Les monologues intérieurs des trois personnages (un père et sa fille exilés qui repartent en Irak à la recherche du fils enlevé, un jeune compatriote venu en Europe à la recherche de son frère emprisonné), forment la matière principale de la pièce et vibrent comme une longue plainte sur l'existence et la patrie perdues, plainte d'où émerge une poésie sombre et incantatoire qui évoque la perte et l'espoir.
Car cette longue plainte est aussi un cri de colère contre les responsables de la tragédie.

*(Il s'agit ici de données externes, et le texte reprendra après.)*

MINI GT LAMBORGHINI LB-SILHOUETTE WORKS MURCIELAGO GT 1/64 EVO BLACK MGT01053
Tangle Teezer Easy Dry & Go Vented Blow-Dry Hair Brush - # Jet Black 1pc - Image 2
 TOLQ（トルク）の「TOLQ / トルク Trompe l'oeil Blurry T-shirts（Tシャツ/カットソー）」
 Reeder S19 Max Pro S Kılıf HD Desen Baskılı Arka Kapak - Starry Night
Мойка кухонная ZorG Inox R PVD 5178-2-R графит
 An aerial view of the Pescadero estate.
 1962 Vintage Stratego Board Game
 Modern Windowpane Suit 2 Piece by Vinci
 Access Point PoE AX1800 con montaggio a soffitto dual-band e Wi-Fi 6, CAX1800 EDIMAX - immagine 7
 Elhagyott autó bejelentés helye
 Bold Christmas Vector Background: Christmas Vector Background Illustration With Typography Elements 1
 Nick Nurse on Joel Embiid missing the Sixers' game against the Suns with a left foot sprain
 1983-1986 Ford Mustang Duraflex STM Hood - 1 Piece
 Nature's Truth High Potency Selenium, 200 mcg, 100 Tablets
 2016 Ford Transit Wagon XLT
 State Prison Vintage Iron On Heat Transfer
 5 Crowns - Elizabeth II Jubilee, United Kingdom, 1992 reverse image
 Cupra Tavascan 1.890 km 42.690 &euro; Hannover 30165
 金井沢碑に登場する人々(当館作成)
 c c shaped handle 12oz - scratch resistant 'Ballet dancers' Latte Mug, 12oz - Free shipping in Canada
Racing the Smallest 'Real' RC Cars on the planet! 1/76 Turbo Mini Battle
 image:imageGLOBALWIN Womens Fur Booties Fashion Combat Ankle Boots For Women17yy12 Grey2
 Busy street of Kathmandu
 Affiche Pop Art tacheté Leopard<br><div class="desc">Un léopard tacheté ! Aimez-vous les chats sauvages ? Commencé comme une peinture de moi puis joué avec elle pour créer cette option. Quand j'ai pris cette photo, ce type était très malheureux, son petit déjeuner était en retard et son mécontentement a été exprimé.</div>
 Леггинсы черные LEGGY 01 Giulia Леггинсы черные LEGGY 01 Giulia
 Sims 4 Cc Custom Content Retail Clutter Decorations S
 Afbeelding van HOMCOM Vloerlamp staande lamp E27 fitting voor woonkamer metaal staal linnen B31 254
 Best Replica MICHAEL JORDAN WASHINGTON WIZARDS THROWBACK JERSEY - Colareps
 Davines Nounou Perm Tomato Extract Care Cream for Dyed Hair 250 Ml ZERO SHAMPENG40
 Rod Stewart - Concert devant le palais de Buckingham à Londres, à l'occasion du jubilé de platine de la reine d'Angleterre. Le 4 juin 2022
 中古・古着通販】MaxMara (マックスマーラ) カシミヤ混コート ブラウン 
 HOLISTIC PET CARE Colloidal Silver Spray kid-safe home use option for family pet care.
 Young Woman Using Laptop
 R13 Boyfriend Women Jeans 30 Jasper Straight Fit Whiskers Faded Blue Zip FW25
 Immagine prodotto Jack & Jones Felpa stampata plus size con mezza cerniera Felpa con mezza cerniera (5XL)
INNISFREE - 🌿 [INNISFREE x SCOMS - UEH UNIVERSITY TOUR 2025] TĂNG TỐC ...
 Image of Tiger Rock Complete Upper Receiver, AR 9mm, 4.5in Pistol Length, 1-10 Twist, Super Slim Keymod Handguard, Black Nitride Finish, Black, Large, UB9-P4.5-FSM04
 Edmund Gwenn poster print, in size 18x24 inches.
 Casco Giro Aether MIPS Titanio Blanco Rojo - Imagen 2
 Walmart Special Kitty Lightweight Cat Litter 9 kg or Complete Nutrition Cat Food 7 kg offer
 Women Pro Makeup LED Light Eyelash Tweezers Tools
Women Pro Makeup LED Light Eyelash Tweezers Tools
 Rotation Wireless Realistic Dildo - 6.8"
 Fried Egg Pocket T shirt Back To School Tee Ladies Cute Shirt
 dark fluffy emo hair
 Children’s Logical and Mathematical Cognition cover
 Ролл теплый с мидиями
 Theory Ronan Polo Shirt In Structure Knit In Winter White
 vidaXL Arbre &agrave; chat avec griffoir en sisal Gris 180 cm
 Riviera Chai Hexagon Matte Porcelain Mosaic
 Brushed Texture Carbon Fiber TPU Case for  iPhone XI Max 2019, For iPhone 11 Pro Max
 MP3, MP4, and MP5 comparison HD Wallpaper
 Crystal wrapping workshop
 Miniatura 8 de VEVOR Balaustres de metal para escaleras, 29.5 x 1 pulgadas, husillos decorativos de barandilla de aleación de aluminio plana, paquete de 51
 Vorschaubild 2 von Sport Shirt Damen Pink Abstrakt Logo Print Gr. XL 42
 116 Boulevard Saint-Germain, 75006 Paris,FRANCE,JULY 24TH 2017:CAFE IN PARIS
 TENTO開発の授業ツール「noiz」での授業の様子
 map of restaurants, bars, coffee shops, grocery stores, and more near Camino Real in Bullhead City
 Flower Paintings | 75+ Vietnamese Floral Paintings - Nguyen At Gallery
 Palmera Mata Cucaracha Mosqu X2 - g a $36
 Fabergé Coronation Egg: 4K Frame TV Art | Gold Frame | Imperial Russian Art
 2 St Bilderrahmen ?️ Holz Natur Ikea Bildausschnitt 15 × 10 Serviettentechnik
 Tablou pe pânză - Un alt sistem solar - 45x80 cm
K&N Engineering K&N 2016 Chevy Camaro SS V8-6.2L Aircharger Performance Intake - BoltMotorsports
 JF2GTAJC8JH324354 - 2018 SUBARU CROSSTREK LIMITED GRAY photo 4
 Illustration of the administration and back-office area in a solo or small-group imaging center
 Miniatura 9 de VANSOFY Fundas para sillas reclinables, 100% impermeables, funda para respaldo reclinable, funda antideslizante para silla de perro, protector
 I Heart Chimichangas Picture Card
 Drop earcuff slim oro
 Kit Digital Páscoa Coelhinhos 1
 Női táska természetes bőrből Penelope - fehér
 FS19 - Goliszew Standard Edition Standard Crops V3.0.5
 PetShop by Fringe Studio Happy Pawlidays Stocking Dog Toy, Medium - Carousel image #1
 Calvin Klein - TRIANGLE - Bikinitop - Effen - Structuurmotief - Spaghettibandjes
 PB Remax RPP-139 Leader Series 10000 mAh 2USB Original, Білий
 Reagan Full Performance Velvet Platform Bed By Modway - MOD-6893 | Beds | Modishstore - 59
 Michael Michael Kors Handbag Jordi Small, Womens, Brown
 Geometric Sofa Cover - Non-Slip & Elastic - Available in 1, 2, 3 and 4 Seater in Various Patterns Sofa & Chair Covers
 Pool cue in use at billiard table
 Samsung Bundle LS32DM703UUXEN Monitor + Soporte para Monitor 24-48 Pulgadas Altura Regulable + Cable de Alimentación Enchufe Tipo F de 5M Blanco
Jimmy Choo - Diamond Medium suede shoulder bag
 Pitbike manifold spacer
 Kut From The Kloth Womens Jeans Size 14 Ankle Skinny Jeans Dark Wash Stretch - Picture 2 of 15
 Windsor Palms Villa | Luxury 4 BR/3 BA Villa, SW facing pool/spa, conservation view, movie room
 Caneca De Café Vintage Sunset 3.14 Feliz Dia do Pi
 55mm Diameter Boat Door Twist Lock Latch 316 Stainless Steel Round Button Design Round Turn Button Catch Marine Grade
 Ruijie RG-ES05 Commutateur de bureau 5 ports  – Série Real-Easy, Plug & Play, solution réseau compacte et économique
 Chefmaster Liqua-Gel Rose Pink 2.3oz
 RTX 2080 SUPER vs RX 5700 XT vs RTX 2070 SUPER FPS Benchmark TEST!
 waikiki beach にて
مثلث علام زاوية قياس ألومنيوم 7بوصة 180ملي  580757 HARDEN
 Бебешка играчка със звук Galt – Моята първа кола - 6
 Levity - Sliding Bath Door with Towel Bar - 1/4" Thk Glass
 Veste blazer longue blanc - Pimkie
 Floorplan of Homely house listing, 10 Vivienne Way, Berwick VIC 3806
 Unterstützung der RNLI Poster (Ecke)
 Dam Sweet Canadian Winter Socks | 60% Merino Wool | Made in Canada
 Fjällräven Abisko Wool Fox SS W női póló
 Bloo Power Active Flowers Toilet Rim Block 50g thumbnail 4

De leur malheur, les personnages savent écrire l'histoire et dégager les causes, accusant tour à tour "les étrangers", mais aussi l'irresponsabilité d'un gouvernement irakien corrompu, incapable de juguler le terrorisme qui, comme lui, veut ôter toutes ses chances à la démocratie, et la rivalité ancestrale entre les communautés constitutives de l'Irak, rivalité débouchant sur une guerre féroce que l'éviction du tyran a comme libérée. "Après que nous avons coupé la griffe du tyran, la voilà qui repousse sur les doigts des pâtres des ténèbres pour déchirer le peuple et la patrie !" Tout est dit, le décor est planté.
Mais, comme au terme d'un cheminement logique, la plainte revivifiée par la colère conduit à l'espoir, celui que demain la tuerie s'arrête enfin et que la patrie renaisse de ses cendres. Espoir fondé sur l'ordre naturel des choses (il faut bien qu'un jour les guerres cessent et que les œuvres re-commencent) et, plus concrètement, sur le mouvement de l'histoire qui se vit. "L'Egypte et la Tunisie l'ont fait !" dit le jeune homme dans un cri qui sonne comme une profession de foi dans un avenir possible qui pourrait être aussi le leur et les sauver.
Tel est sans doute, au-delà du pessimisme qui marque la fin de cette pièce où l'absurde règne en maître, derrière le mot "errance" qui résonne comme une sinistre coda, derrière le messianisme de cette "aube des peuples qui se lève" dont l'Histoire nous a appris à nous méfier, l'ultime espoir auquel nous autres, spectateurs du drame et d'un monde qui se recompose sous nos yeux, devons nous accrocher à tout prix.